Iván Navarro Lights Up Madison Square Park With His Installation of Neon Water Towers

The artist embeds his sentiments on immigration and freedom inside these neon water towers.

Not Available Lead
Complex Original

Image via Complex Original

Not Available Lead

Brooklyn-based Chilean artist Iván Navarro recently lit up New York's Madison Square Park with his installation This Land Is Your Land. Consisting of three water towers, the installation transforms a staple of New York's skyline into something just a few feet away. The towers sit at a height above viewers' heads, allowing them to pass through underneath and marvel at the mirrors and neon lights above.

"I like the idea of a reservoir of water. This simple and timeless wooden structure contains water—the most primitive and elemental resource, the essence of human sustenance, and a reminder of the basic condition that all humanity shares," Navarro explained in a press release.

Inside the towers, Navarro has embedded neon lights, which out spell words like "me," "we," and "bed." Navarro has also inserted mirrors throughout the towers' interiors to create the illusion of an endless vertical space. While the words Navarro has chosen to depict may be meaningless to some people, they're meant to resonate with those who have immigrated to the United States. Appropriately named after Woody Guthrie's patriotic folk song, the installation is Navarro's commentary on the various freedoms this country has offered its citizens.
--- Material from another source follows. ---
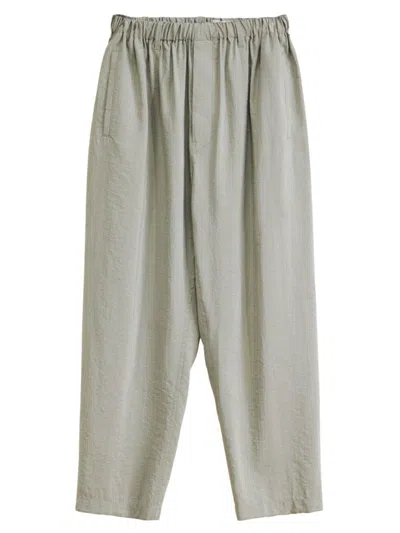 Lemaire Women's Silk-blend Wide-leg Pants In Ash Grey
"While wood water tanks are a ubiquitous sight on New York City's rooftops, the artist loads them with substantive content demonstrating how sculpture can function as object and as a messenger of critical issues today," Brooke Kamin Rapaport, who is the senior curator of the Madison Square Park Conservancy, said in a statement.

Navarro's This Land Is Your Land will be on view in Manhattan's Madison Square Park until April 13, 2014.